At that time, Arafat's move was viewed as clever strategy to put pressure on Israel and the US to force a negotiated settlement. It all worked reasonably well when Arafat, the titular head of all Palestinians, was alive. During that time, Hamas, the most influential movement in Gaza, had chosen not to join the PNA. But it retained a good working relationship with Arafat through its leader, the late Shaikh Ahmad Yassin. It was only when both had died that Hamas decided to participate in the Palestinian political process.

Tables turn

This is when the tables turned. Hamas won the legislative elections of 2006 as Fatah was routed. It was a humiliating defeat for the organisation that claimed to represent the aspirations of all Palestinians. Abbas was forced to ask its leaders to form a new government. The rest is history.

That election is now seen as the trigger to the most dangerous internal Palestinian crisis in modern times. The animosity between injured Fatah and buoyant Hamas, which has been in control of the besieged Gaza Strip since the summer of 2007, has divided the Palestinians and the territory on which they were hoping to set up their independent state.

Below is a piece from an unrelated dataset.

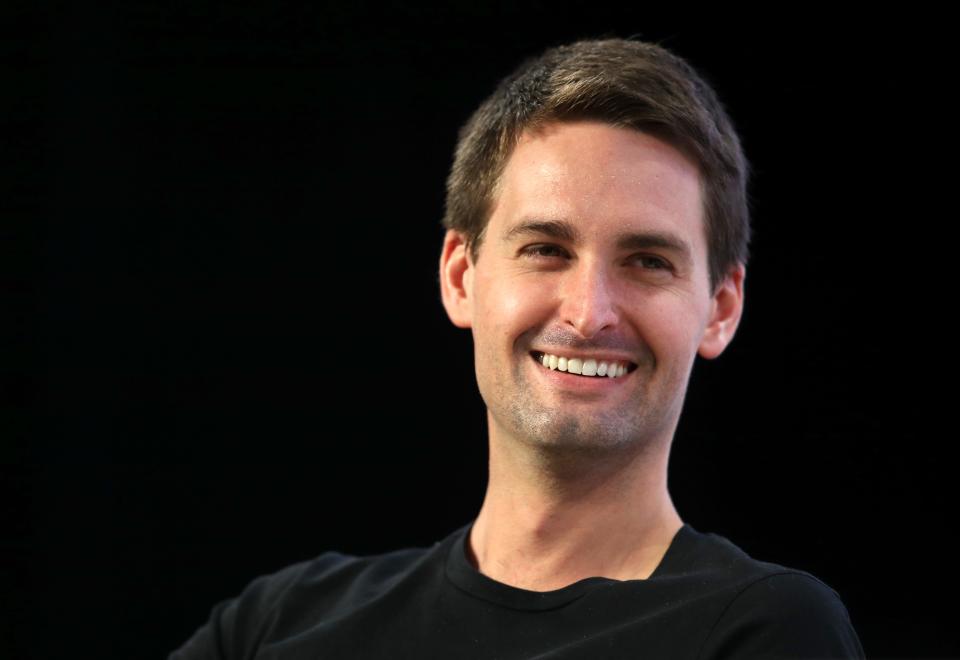 Evan Spiegel smiling during an interview at the TechCrunch Disrupt SF 2019 conference.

Today, after the failure of the latest Egyptian initiative to secure reconciliation and end Hamas' control of Gaza, the division seems irreparable. Gaza is again under Israeli siege while the political stalemate is crippling the PNA and its organisations.

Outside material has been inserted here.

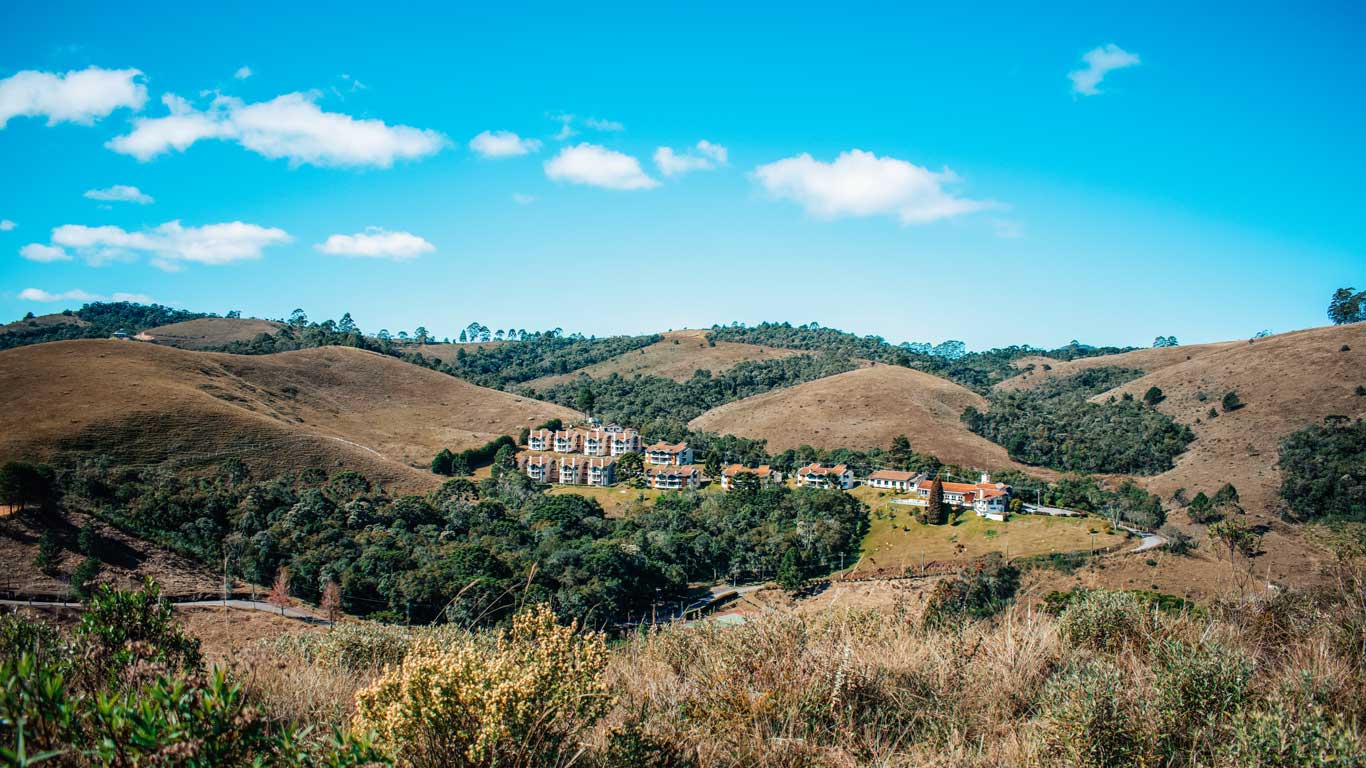 Imagem de paisagens de Campos do Jordão com construções coloniais em meio a natureza.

Now both parties feel their luck could change. A constitutional deadline is looming and Abbas has declared his next move. He has announced that unless Hamas accepts dialogue and reverses its actions in Gaza he will call for simultaneous presidential and legislative elections early next year. Hamas has cried foul. In their view, Abbas' term as president ends in January but the Legislative Council has one more year to go. As both sides engage in a complicated legal duel, each brandishing an article in the basic law that supports his view, the Palestinian mess gets murkier.

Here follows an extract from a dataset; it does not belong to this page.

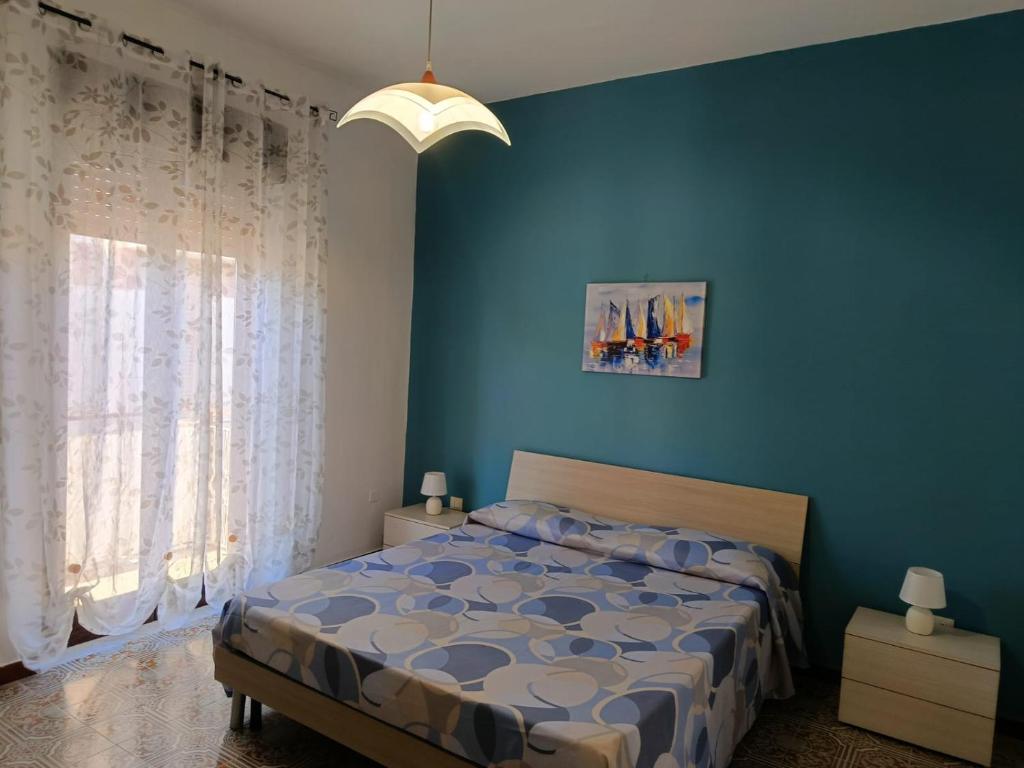 Postel nebo postele na pokoji v ubytování Zá Cicciuzza "Casa vacanza"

Thus the election of Abbas as President of Palestine comes as a new development in this ongoing tussle. Will his new title, symbolic as it is, help him overcome any constitutional caveats that stand in the way of holding new double elections?

That may be the case. But failing to sway Hamas and end the rift, Abbas, who continues to enjoy the backing of Israel and the US, needs to prepare the Palestinian political scene for the advent of a new administration in Washington and a new government in Israel. Still, an Israeli paper reported few days ago that a security panel has called on the government to prevent the holding of new Palestinian elections for fear of another Hamas victory. It also predicted the Abbas' political marginalisation in the coming months.

Failing to dislodge Hamas in Gaza, Abbas will face the dire possibility of restricting elections to the West Bank. But this will further fragment the Palestinian cause and its supporters.

Now that Fatah and Abbas have made their move, we wait for the reaction. It could all boil down to a de facto Fatahland in the West Bank and Hamastan in Gaza. One thing was clear last week and that is for millions of Palestinians news of Abbas' election as president of their non-existing state was met with indifference, some may even say sadness and dismay.

 

Osama Al Sharif is a veteran Jordanian journalist based in Amman.